Comic belief

    When people write textbooks about the US in the 1960s, they invariably illustrate them with Lichtenstein’s pictures. It might be the cute blonde in the mirror anxiously pining for Brad to phone (cue a discussion on the new sexual mores of the age). Or that fighter plane blasting the enemy out of the sky with a humungous WHAAM! (cue a discussion on the impact on the American psyche of Vietnam). Or it might be one of his comic-book-style close-ups of a steaming coffee cup or a spotless all-white American bathroom (cue a discussion on the consumer revolution and the rise of shopping). These are some of the most famous paintings of recent art history. Ask any American in the 1960s if they had heard of Lichtenstein, and most of them would have been able to reply: “Sure. He was the inventor of pop art. He turned comics into art.” What they wouldn’t have heard of is the small European country wedged between Switzerland and Austria.
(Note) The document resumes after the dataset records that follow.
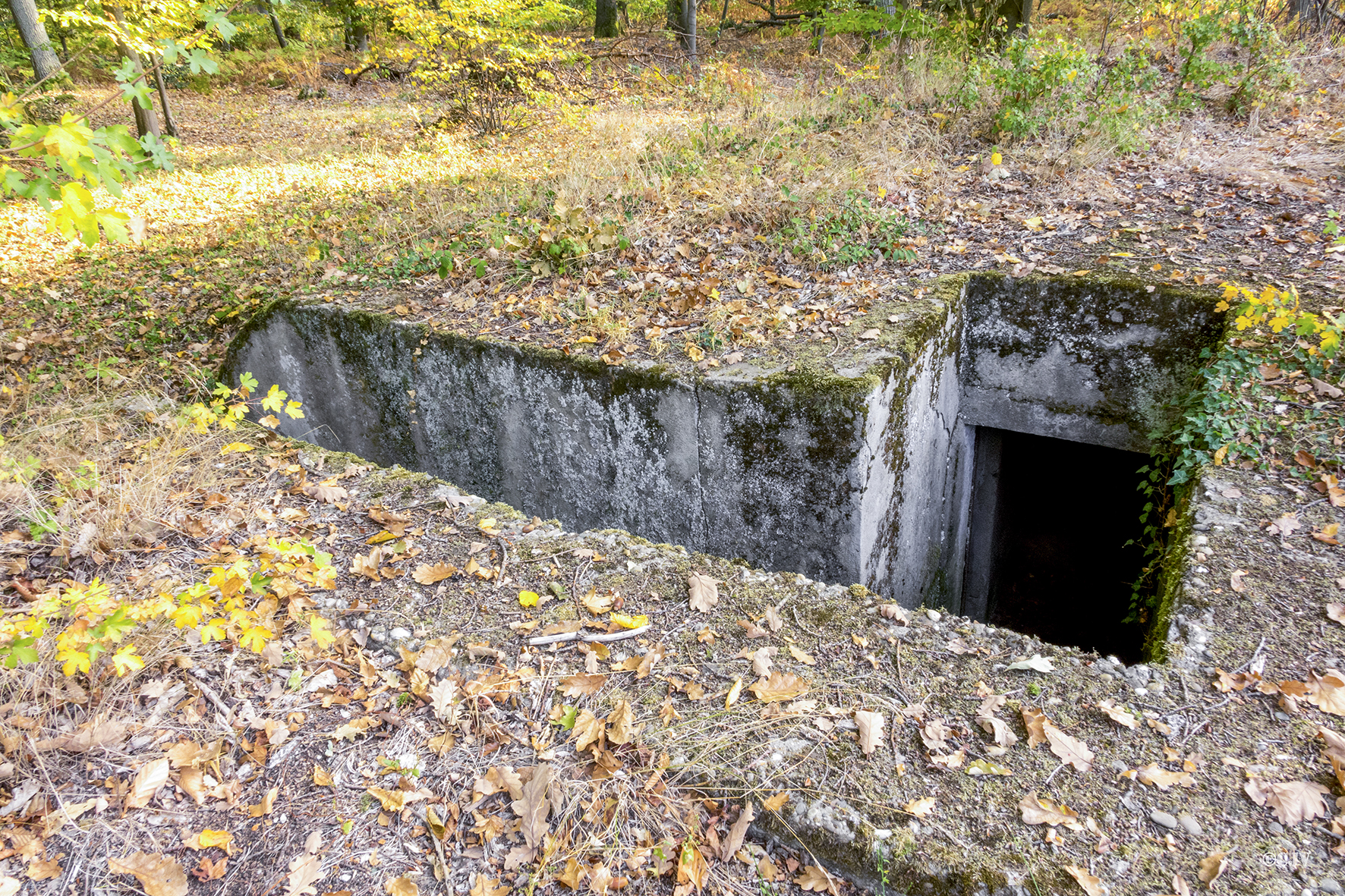 Ligne Maginot - HUNDSAU - (Blockhaus pour arme infanterie) -  - Lia VERMEULEN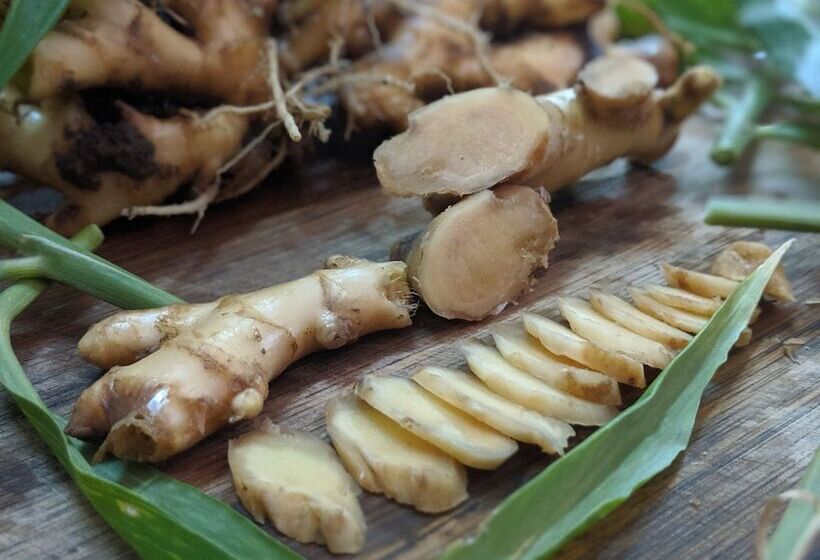 ホテル Tranquil Resort Wayanad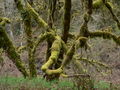 Moss-covered tree, Corvallis, Oregon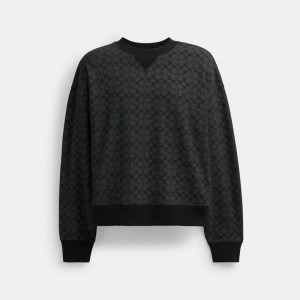 Coach Essential Signature Crewneck Cinzentas | COH865989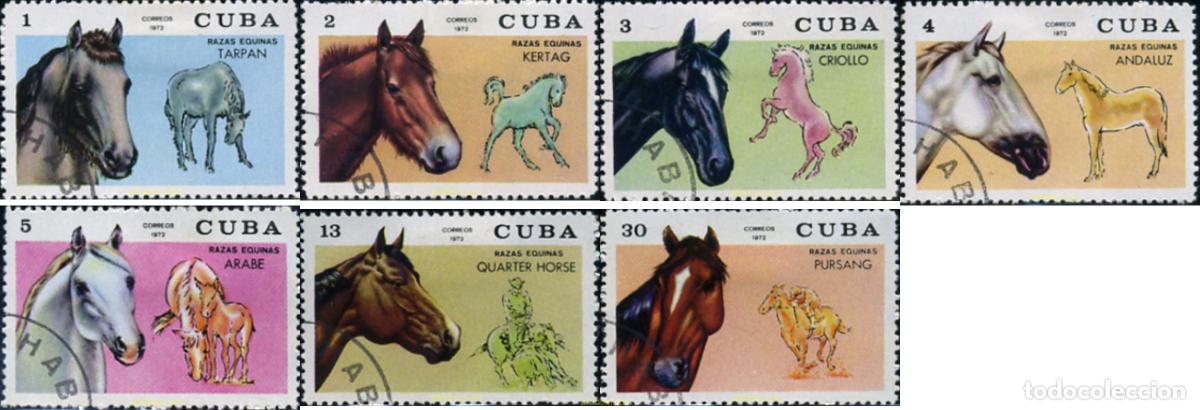 Sellos: 339458 USED CUBA 1972 CABALLOS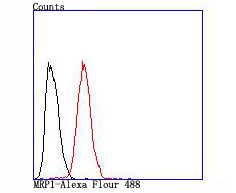 MRP1 Rabbit mAb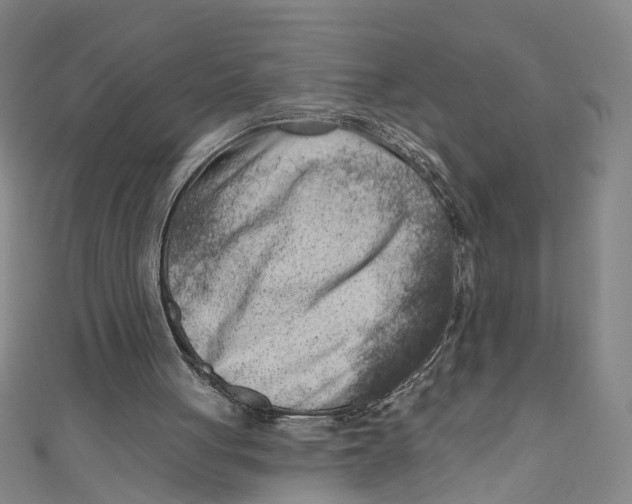 X0000111180051200907221057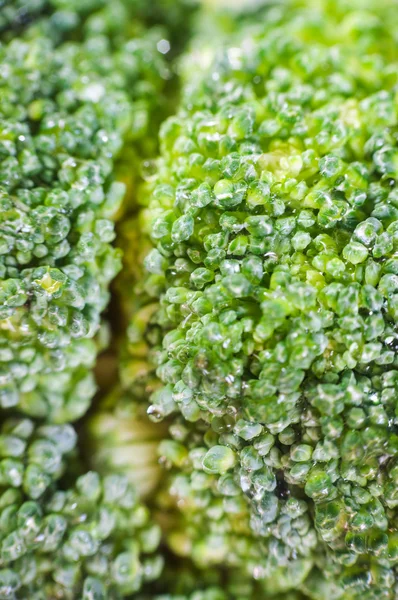 Yeşil brokoli makro doku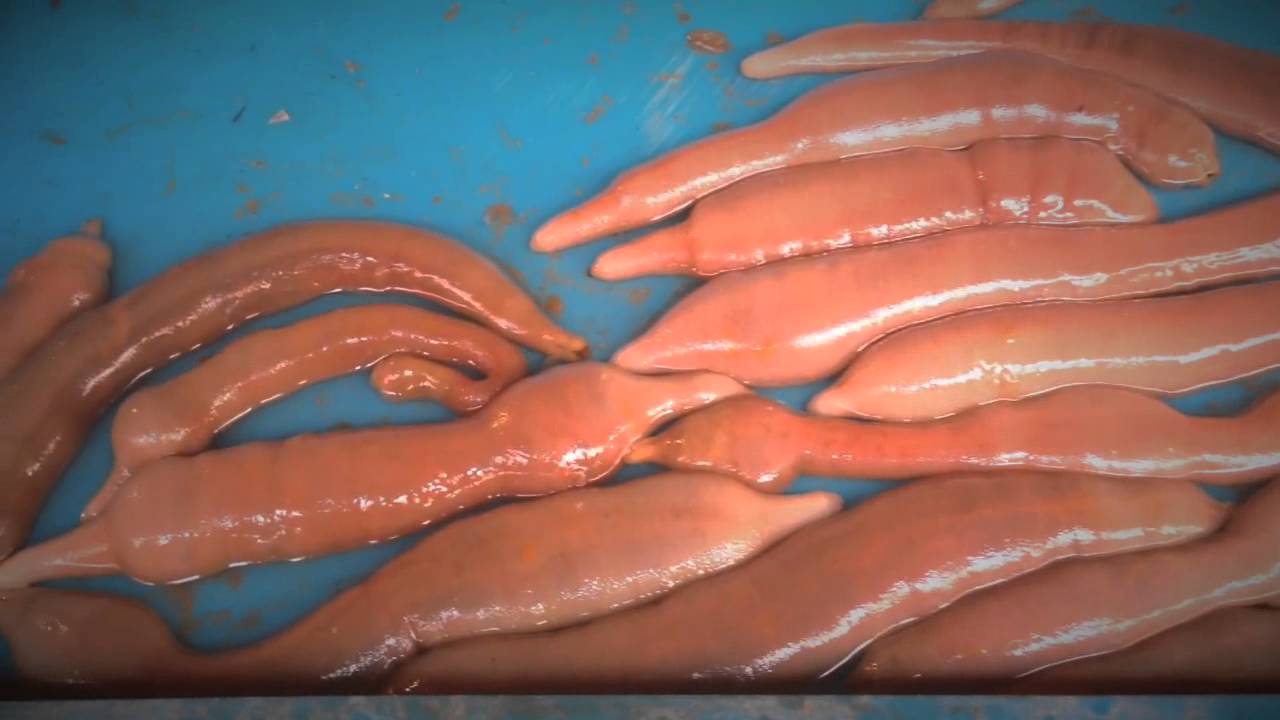 urechis-unicinctus-youtube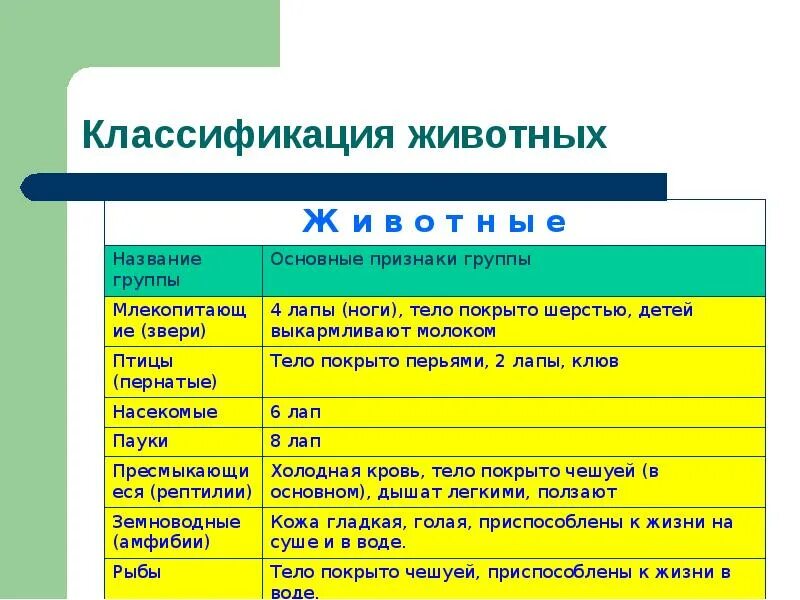 Названия групп животных. Признаки групп животных. как называются группы животных. название 4 групп животных.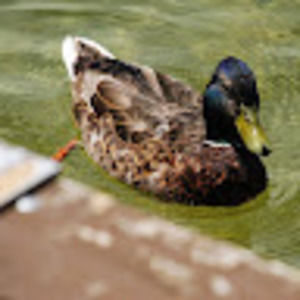 Meet your Posher, Matt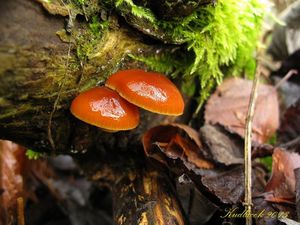 Klikni pro velký obrázek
    Lichtenstein was one of America’s biggest artists. Now he is getting the first retrospective in Britain since his death in 1997. He and Andy Warhol are identified together as the creators of pop art, and by elevating the US comic strip to the status of art, by getting it on show in the Museum of Modern Art, New York, and into prestigious museums around the world, Lichtenstein did the US a massive cultural favour. It wasn’t just American comics that he was upgrading in the eyes of the global audience. It was America itself.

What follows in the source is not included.